Botany online 1996-2004. No further update, only historical document of botanical science!

Inhibition of Enzyme Reactions

A number of molecules have structures similar to substrate molecules. They are termed inhibitors (I) because they are, just like a substrate molecule, bound to the active centre of the enzyme though their chemical properties render it usually impossible for the enzyme to turn them over. They compete with the original substrate for the same binding site. Often, their affinity to the enzyme is much higher than that of the substrate, so that it is displaced effectively. The enzyme molecules are thus to a large degree inactivated by the binding of the inhibitor. This type of inhibition is termed competitive inhibition. It is explained by the following reaction kinetics.

The kinetics reveal that the value of the kM has risen, since substantially more EI- than ES-complexes are formed. The effect of the inhibitor is thus directly linked to its concentration and the [substrate] / [inhibitor] ratio.
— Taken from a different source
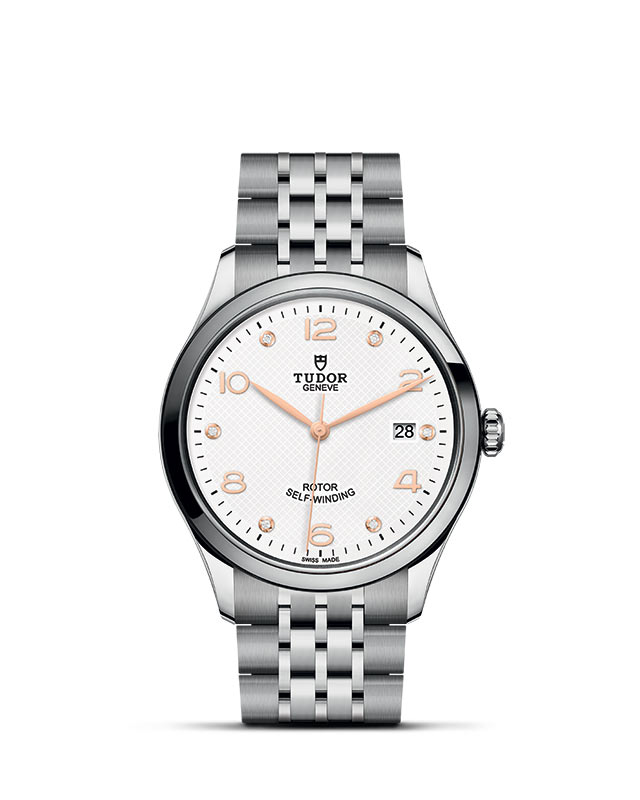 TUDOR 1926 M91550-0013 Official Tudor Watch Jeweler Grand Rapids
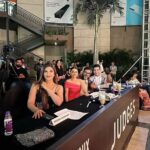 Minissha Lamba Instagram - It was a pleasure to be a part of the Judges Panel for the #PhoenixStyleIcon of @phoenixmctypune. Congrats at @sandeepdharma_official for a fantastic show with where over 500 people registered… @mrinmaikolwalkar @realkaranmehra Pune City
Picture to the left: Reduction of the turn-over velocity of an enzyme-catalyzed reaction by a competitive inhibitor (competitive inhibition; blue curve: inhibited reaction, red curve: control, not inhibited). Picture to the right: Competitive inhibition depicted according to Lineweaver and Burk.

A second type of inhibitor causes non-competitive inhibitions. It is not bound to the catalytic but to some other site of the enzyme. The binding distorts the enzyme's structure effecting also the catalytic binding site so that the substrate molecule does not fit as snugly as before. As a result, less substrate is turned over. The kM remains unchanged, since the substrate concentration has no influence on the effect of the inhibitor.

Picture to the left: Reduction of the turn-over ratio of an enzyme-catalyzed reaction by a non-competitive inhibitor. In non-competitive inhibitions is vmax reduced, while kM stays unaltered. Picture to the right: Non-competitive inhibition depicted according to Lineweaver and Burk.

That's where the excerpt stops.